## Exercise objective:
Would you print exactly the lines that begin the listing and continue through the line holding "A sunset seen"? No pictures, please.

## Data under study:
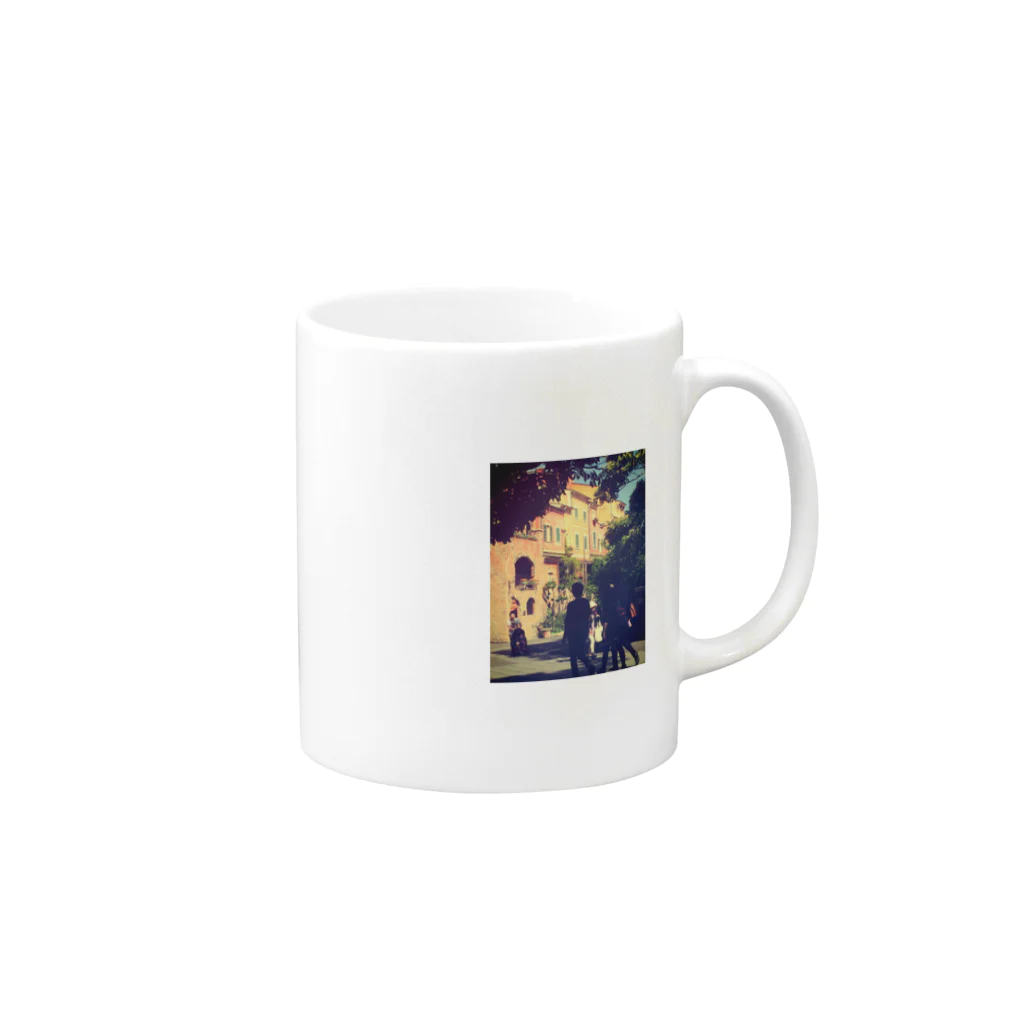 Neneのmy  dream Mug :right side of the handle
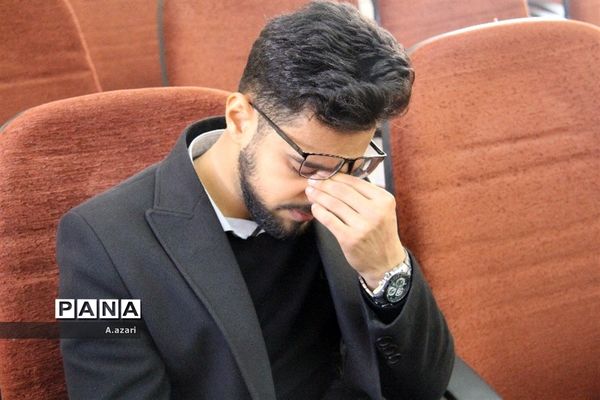 تشیع پیکر مطهر شهید گمنام در شهرکرد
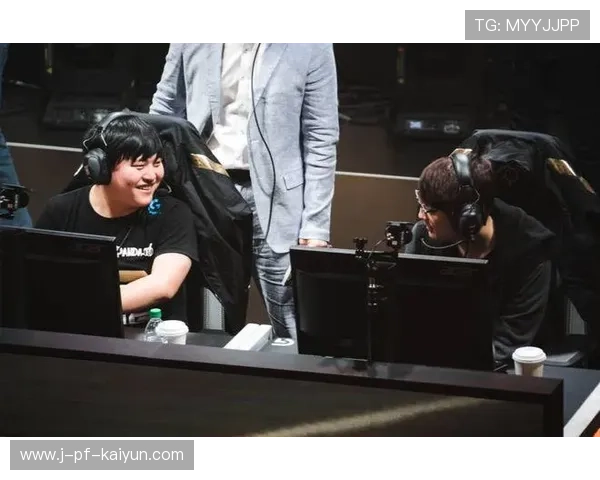 Faker×Uzi的双向尊重：竞技世界最浪漫的注脚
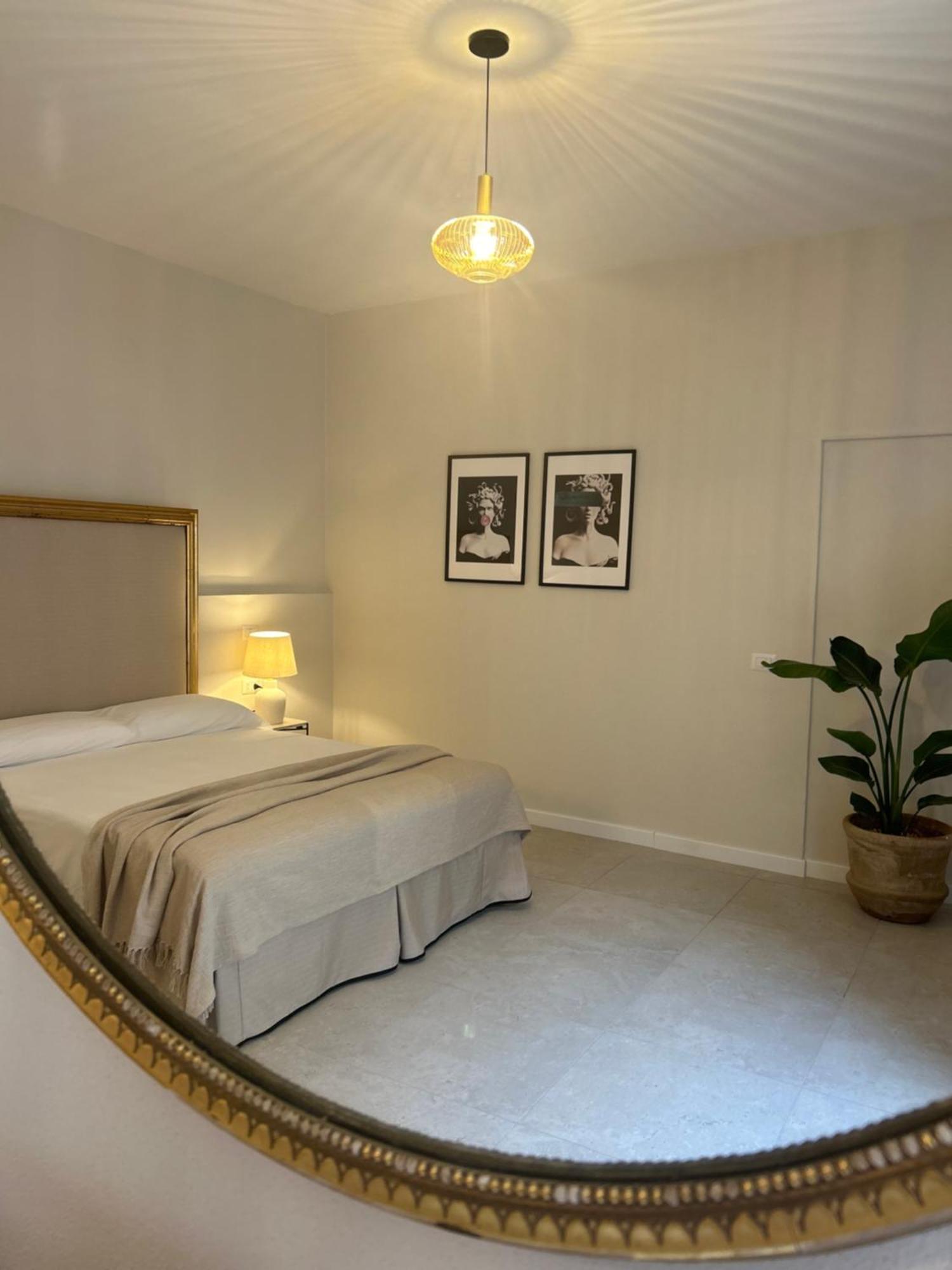 Notus Rooms 노토 외부 사진
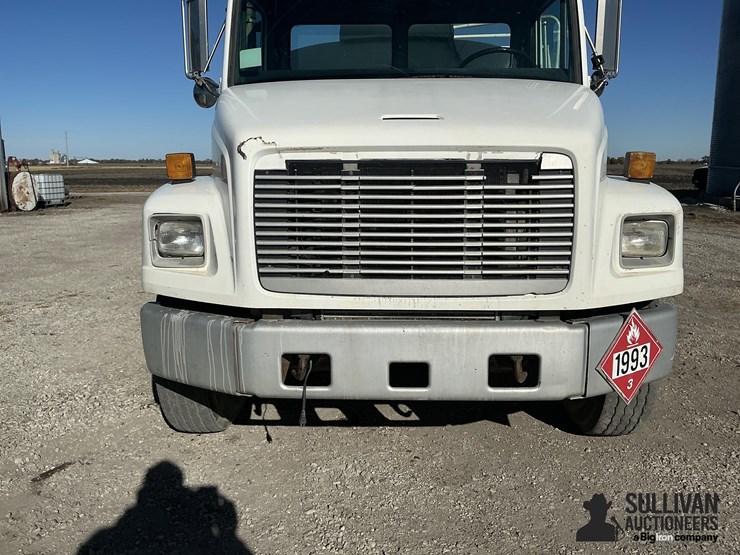 1995-freightliner-fl70-image-10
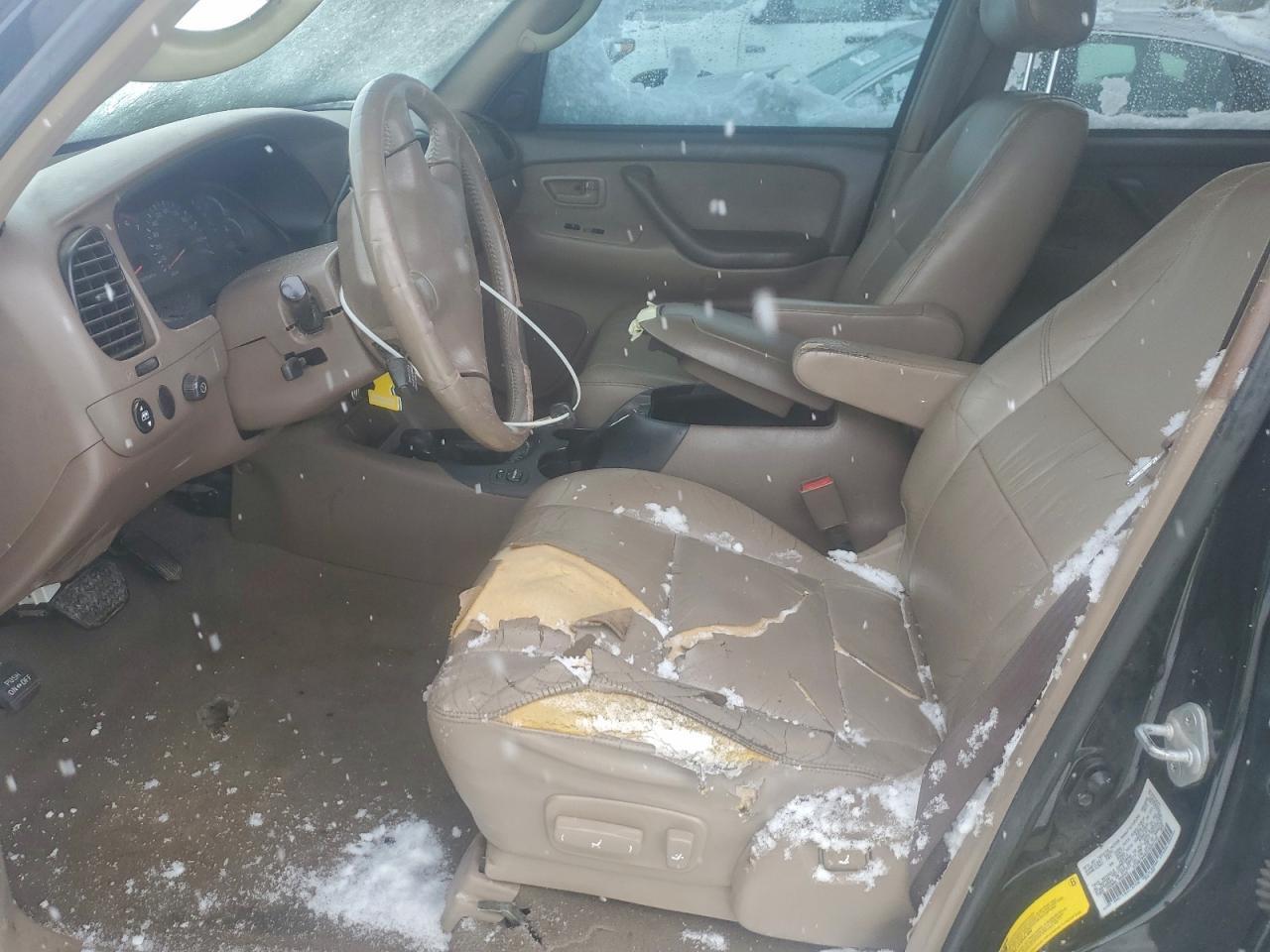 2001 TOYOTA Sequoia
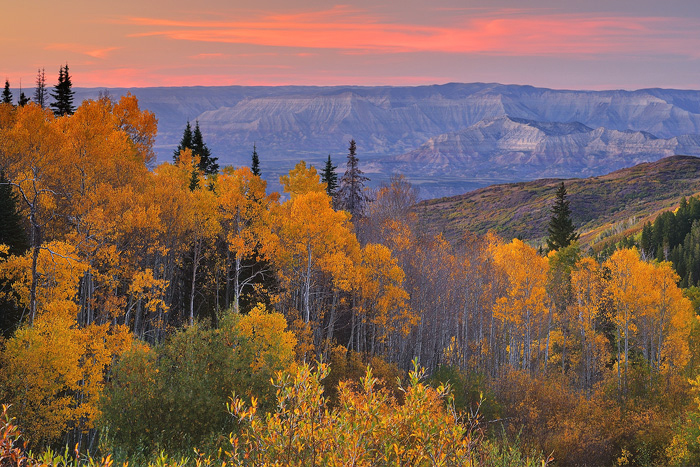 A sunset seen from the north edge of Grand Mesa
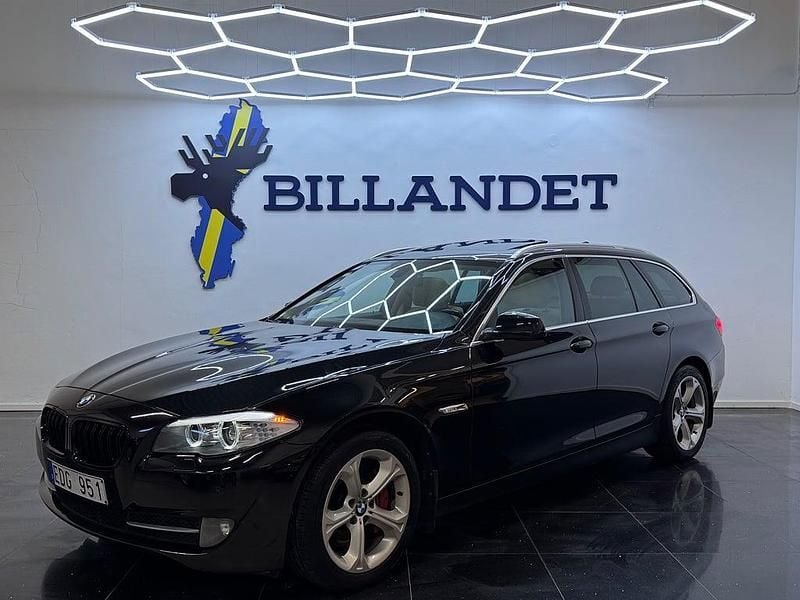 Svart Begagnad 2013 BMW 530 Kombi | 109 900 kr (Marknadspris) - Bild 1/4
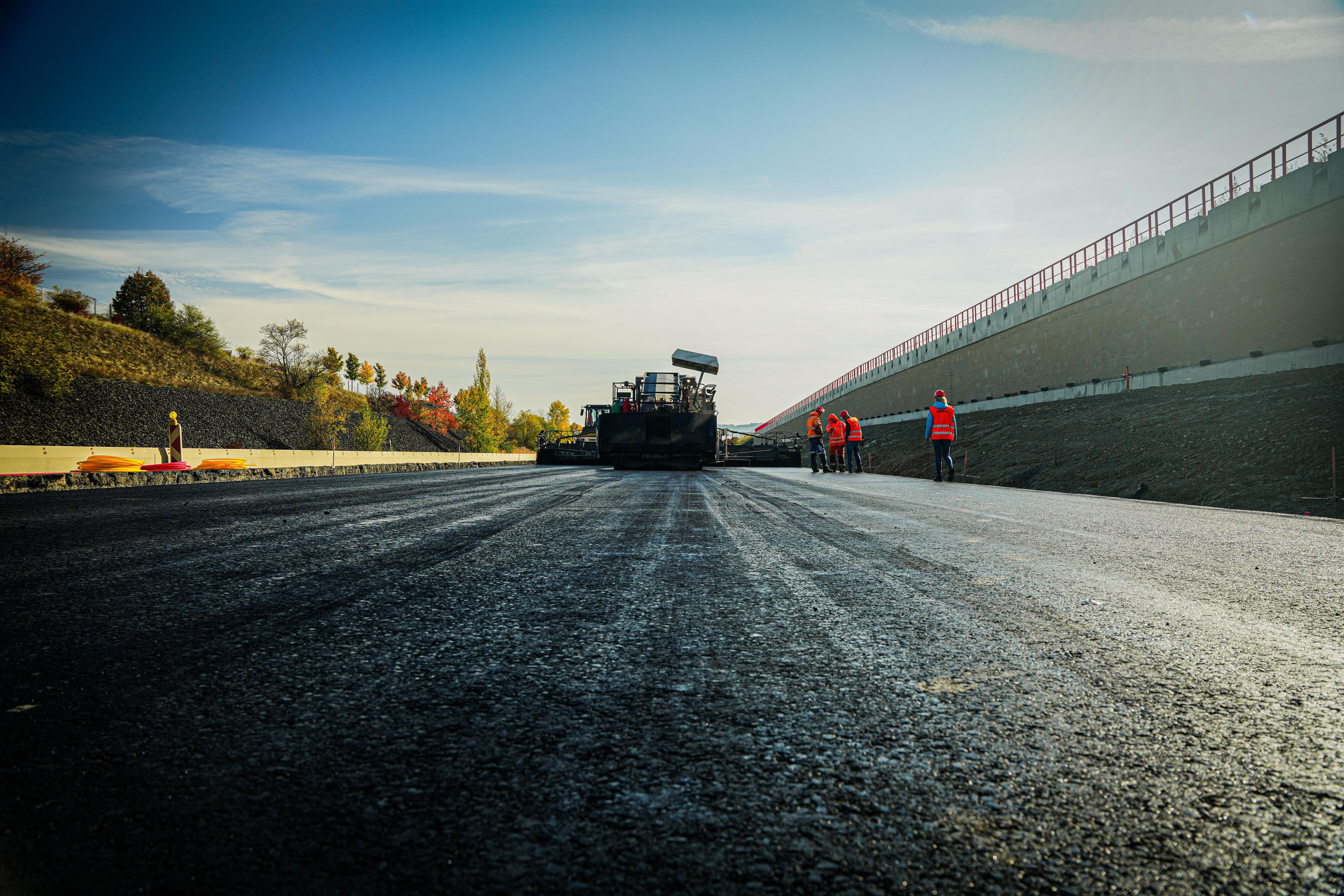 Společnost Herkul a.s., která je od tohoto roku součástí skupiny firem AVE, dokončila výstavbu úseku dálnice D7 u Loun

## Answer box:
 Neneのmy  dream Mug :right side of the handle
 تشیع پیکر مطهر شهید گمنام در شهرکرد
 Faker×Uzi的双向尊重：竞技世界最浪漫的注脚
 Notus Rooms 노토 외부 사진
 1995-freightliner-fl70-image-10
 2001 TOYOTA Sequoia
 A sunset seen from the north edge of Grand Mesa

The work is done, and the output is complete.